# Bolt 1 -> 4TB good for 2 weeks, now TOAST



## gmichaeld (Apr 15, 2016)

First off, thanks to the countless forum contributors past and present.

Documents abound and a statement that the drive I bought was not the slow potentially incompatible type.

ST4000LM016 F/W: 0003 P/N: 1N2170-567 WU 

Formatted it properly with msfr, put it in no problem for two weeks. Last night she rebooted once, tonight she keeps rebooting (Gray noise, please wait, please wait.....repeat). Put the stock 1 TB back in and it works fine.

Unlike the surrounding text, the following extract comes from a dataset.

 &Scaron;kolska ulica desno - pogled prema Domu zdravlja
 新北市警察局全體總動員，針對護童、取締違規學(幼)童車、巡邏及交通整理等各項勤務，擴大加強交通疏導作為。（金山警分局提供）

Was there a new SW download lately, anyone else having issues with Bolts >3 TB

I originally bought a 3.5 WD green AV (2TB), but I couldn't figure out how to tie the two drives together. Can someone point me to an outline on how to take my stock 1TB and mary it with an external ESATA 2TB Green AV.

TIA,
George


----------



## jmbach (Jan 1, 2009)

First I would check that 4TB drive with the manufacturer's diagnostic program both read and write. Also use a program like HDD Guardian show you more detail SMART infor on the drive than the manufacturer's diagnostic program will tell you. Most common issue that causes that is a bad drive. It might be only one spot but that is all it takes. If HDD Guardian reports any sector reallocation, then that is probably what happened.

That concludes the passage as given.